THERE is no week of football quite like round one.
Every club goes in to the first week full of optimism about the year ahead while fans are excited about all the new faces and ideas that greet them at the start of the season.
Many St Kilda stars went on to long careers in the red, white and black after playing their first games in round one but it is doubtful any of them had a bigger impact in their first game than ruckman Carl Ditterich.
The prodigious blond talent from East Brighton was said to be disappointed he had missed out on a game with the Saints’ reserves in the first game of 1963, only to find he had been put into the club’s senior team to take on Melbourne – the most impressive club of the era.
Opposed to Ron Barassi, who was the VFL’s highest profile player at the time, 17-year-old Ditterich did as he pleased at the Junction Oval finishing best on ground in an upset win over a team that had contested the previous nine finals series.
With Ditterich too young to have his driver’s license, teammate Alan Morrow took it upon himself to be his chauffer off the field and his protector on the field.
But, recalling the game 50 years on, Morrow said he quickly realised his young teammate was more than capable of looking after himself.
“When I was driving him in I told him ‘Don’t worry about anything and just play your football. Don’t get sucked in because you’re a rising star and there will be plenty of blokes trying to get into your ear. Just ignore it and I’ll handle that other stuff because I’ve been around for a while,’” Morrow told saints.com.au.

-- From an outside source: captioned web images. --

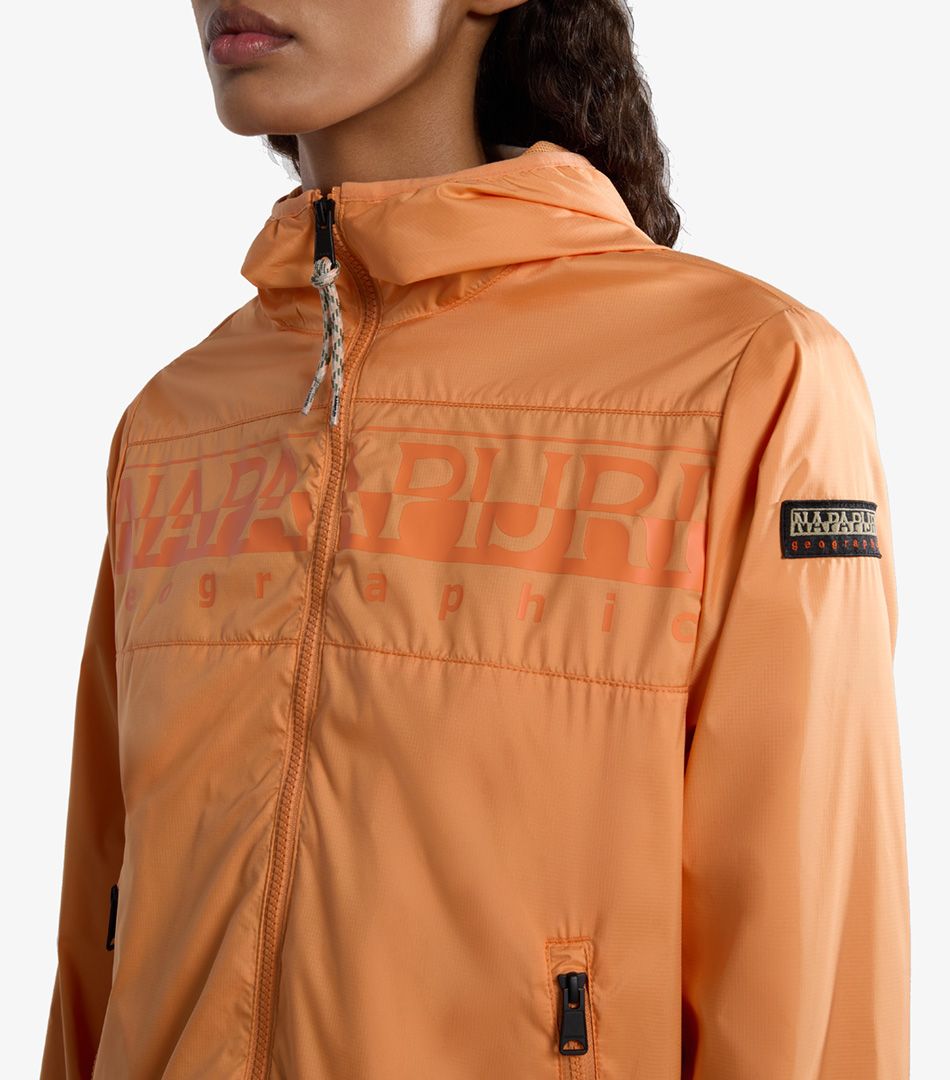 Napapijri A-Raymi Full Zip Jacket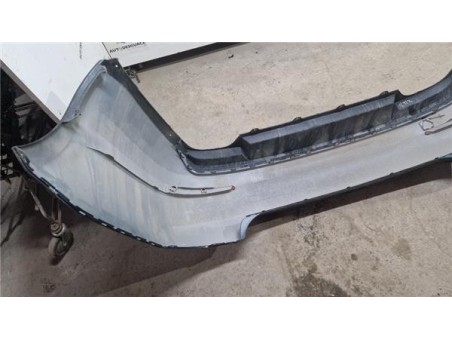 Paragolpes Trasero Skoda Octavia Berlina  1 6 Ambition [1 6 Ltr  - 77 kW TDI DPF]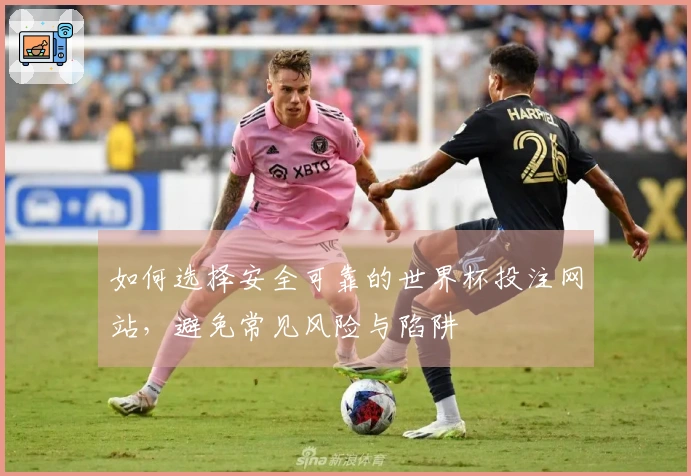 如何选择安全可靠的世界杯投注网站，避免常见风险与陷阱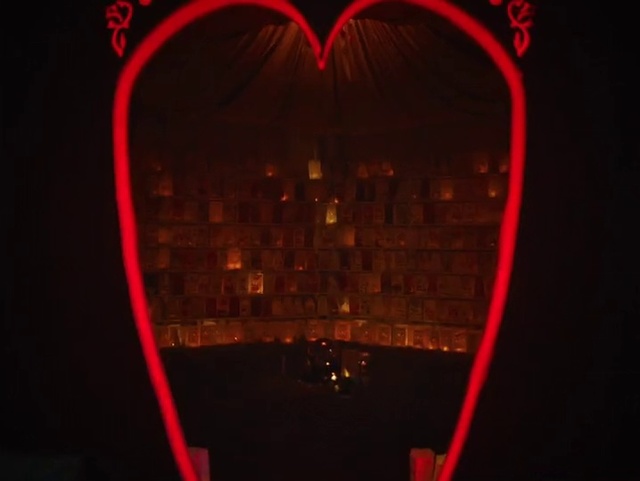 Video Reference: Red, Light, Heart, Love, Valentines day, Organ, Lighting, Heart, Darkness, Human body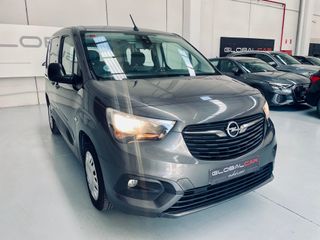 OPEL COMBO LIFE 5 PLAZAS 100CV. IVA DED. GARANTIA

“Anyway the game had been going about 10 minutes and there was a bit of a melee. I looked over and saw the blond bloke in the middle of it all. I’ve ripped across and came in from behind to grab him on the shoulder. The next minute he’s brought the arm back and I had to remind him I was on his side.”
Years later, Ditterich recalled the first of his 285 VFL games with great joy in Heroes with Haloes – St Kilda’s One Hundred Greatest.
“In many respects it was a day out for me. The crowd, the loud cheering, the ground was packed,” Ditterich said.
“I remember the thrill of winning and being part of a successful side and to win it and win it well was great. Melbourne had been in quite a few finals at that stage.”
The start of 1963 was seen as a time of transition for the Saints, with three of the club’s best players – Neil Roberts, Eric Guy and Bud Annand finishing their careers at the end of 1962.
Morrow said there was a period of uncertainty at St Kilda after the three experienced heads left at once.
“They were stalwarts of the club and it’s hard to replace those types of people overnight. Eric Guy was a very tough player, “Coconut” (Roberts) had won a Brownlow medal and had been captain of the club,” he said.
“Bud Annand had been a ruckman with me during those years so they were all important.”
Ditterich was one of four St Kilda debutants in round one, 1963 along with Ian Stewart, Bob Murray and Jim Wallis.
Ditterich, Stewart and Murray all went on to have long and distinguished careers with St Kilda. All three won club best and fairests and were named in the club’s team of the century as well as the Hall of Fame. Stewart and Murray were both part of the 1966 premiership team that Ditterich famously missed due to suspension.
Wallis’ career wasn’t quite as decorated, but he was originally considered to be in the same bracket as his contemporaries.
A ruckman with a knack of presenting well at the end of tight games, Wallis played 39 games in three years before his career came to an end at just 23 years of age with a knee injury.
Morrow said Wallis could easily have gone down in St Kilda history with his contemporaries if it wasn’t for his misfortune.
“You couldn’t have got a better four players to debut at once. We never saw the best of Jimmy because he ended up with a knee injury at a young age,” he said.
“The other blokes all had tremendous careers and you’d be rapt if you could unearth a crop like that every year.”